The full program and perf fragments are pasted here: 63a621e — paste.sr.ht

I’m hoping it will be something stupid I’ve done.

Oh - Ocaml 5.1, eio 0.12, Debian 12 on a Raspberry Pi 4.

TIA

1 Like

It might be float boxing. See OCaml speed comparison - calculating pi with Leibniz - optimize? - #2 by copy

Maybe try batching elements per core with big arrays to avoid the boxed floats overhead?

I was expecting the floating point run to be slower. The thing I can’t understand is that the timings are something like:

  • intrec, 1 core = 1 second elapsed, 1 second user cpu
  • interc, 2 cores = 0.5 second elapsed, 1 second user cpu
  • floatrec, 1 core = 5 seconds elapsed, 5 second user cpu
  • floatrec, 2 cores = 10 second elapsed, 20 seconds user cpu

So adding a second core effectively halves the speed (and 3 cores takes 30 seconds etc). There must be some interaction between the processes on each core. But I can’t see what.
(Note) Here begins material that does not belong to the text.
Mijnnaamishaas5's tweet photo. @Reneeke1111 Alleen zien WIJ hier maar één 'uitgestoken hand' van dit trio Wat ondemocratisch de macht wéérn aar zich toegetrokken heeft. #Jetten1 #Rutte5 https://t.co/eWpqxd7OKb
Aha! it’s nothing to do with inter-thread scheduling or anything like that:

master »~/dev/ocaml/eio_tests $ ./_build/default/bin/multicore_6.exe d 1 d 1
+Worker 1 : 3429680500000
+Elapsed time = 13.1 s

master »~/dev/ocaml/eio_tests $ parallel -j 2 -n 2 ./_build/default/bin/multicore_6.exe -- d 1 d 1
+Worker 1 : 3429680500000
+Elapsed time = 24.4 s
+Worker 1 : 3429680500000
+Elapsed time = 25.7 s

It’s presumably something in the Raspberry Pi itself (or perhaps a low-level library?). Maybe the cpu on the Pi4 has a single FPU and we’re contending for access to it.

3 Likes

The PI4 which should be a Cortex-A72(?) spec says it has one FPU per core, in 64bit mode at least.
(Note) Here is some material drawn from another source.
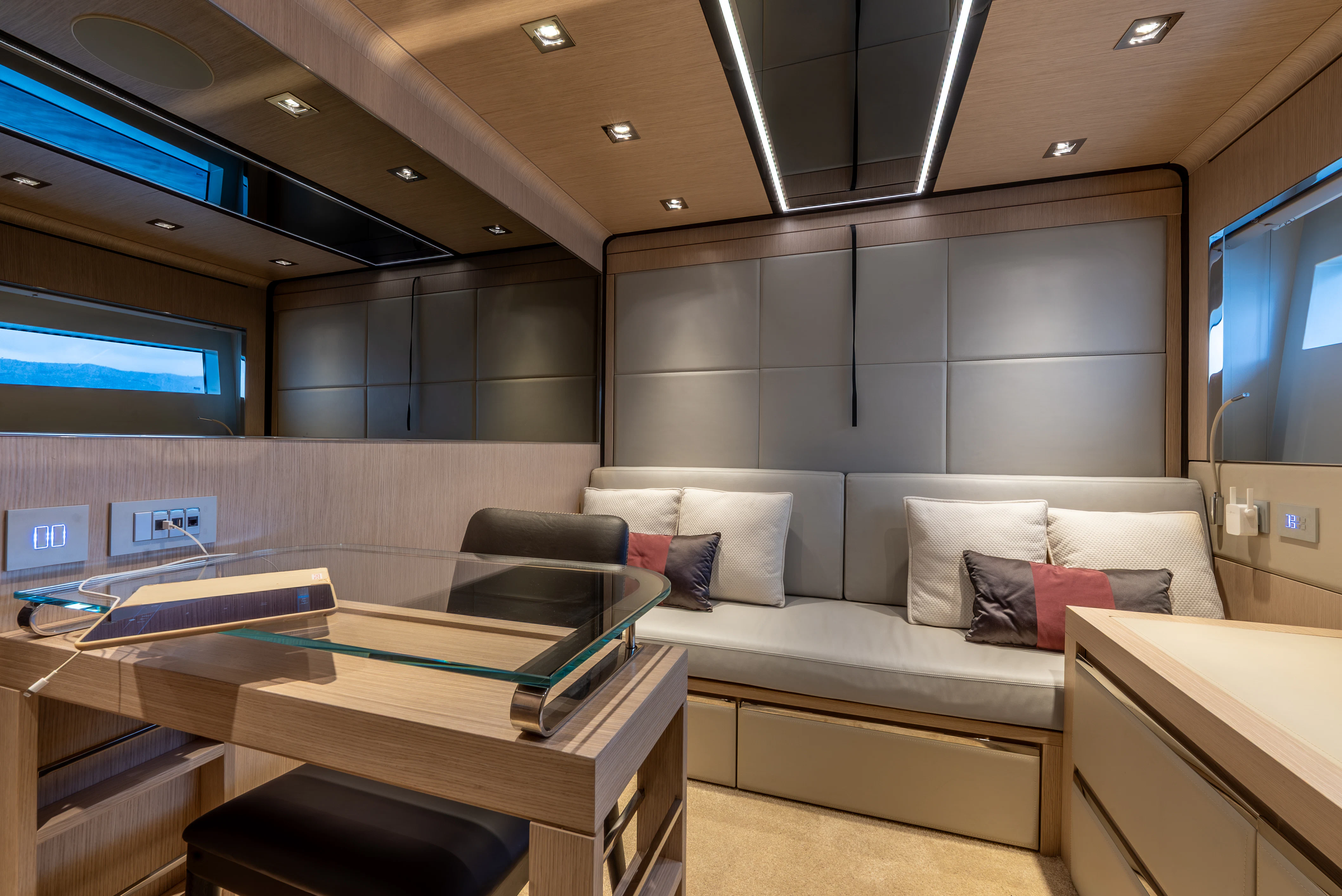 a room with a couch and a table aboard ZALANKA Yacht for Sale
Check /proc/cpuinfo and wikipedia.

I can’t reproduce on an Intel core i7 (4 physical cores), so I’d wager on a hardware peculiarity of the Pi.
Perf results: https://paste.osau.re/Qel#eyJhbGciOiJBMTI4Q0JDIiwiZXh0Ijp0cnVlLCJrIjoiMHMyUFI3WnZvRkxuTHBGVl9IQ2hXQSIsImtleV9vcHMiOlsiZW5jcnlwdCIsImRlY3J5cHQiXSwia3R5Ijoib2N0In0=

Edit.: the fact that it doesn’t happen with parallel points at something OCaml-specific though. Maybe a bug in the ARM runtime/generated code?

Ah but it did happen with “parallel” which doesn’t rule out ocaml, but does mean it’s nothing to do with the domain/eio threading stuff.

I shall (a) try it out on an intel laptop later and (b) see if I can get another language to show a similar slowdown. I suspect I’ll see the same results as you on intel (thanks for testing it by the way).

Ah but it did happen with “parallel”

Ah, yes, I read too fast.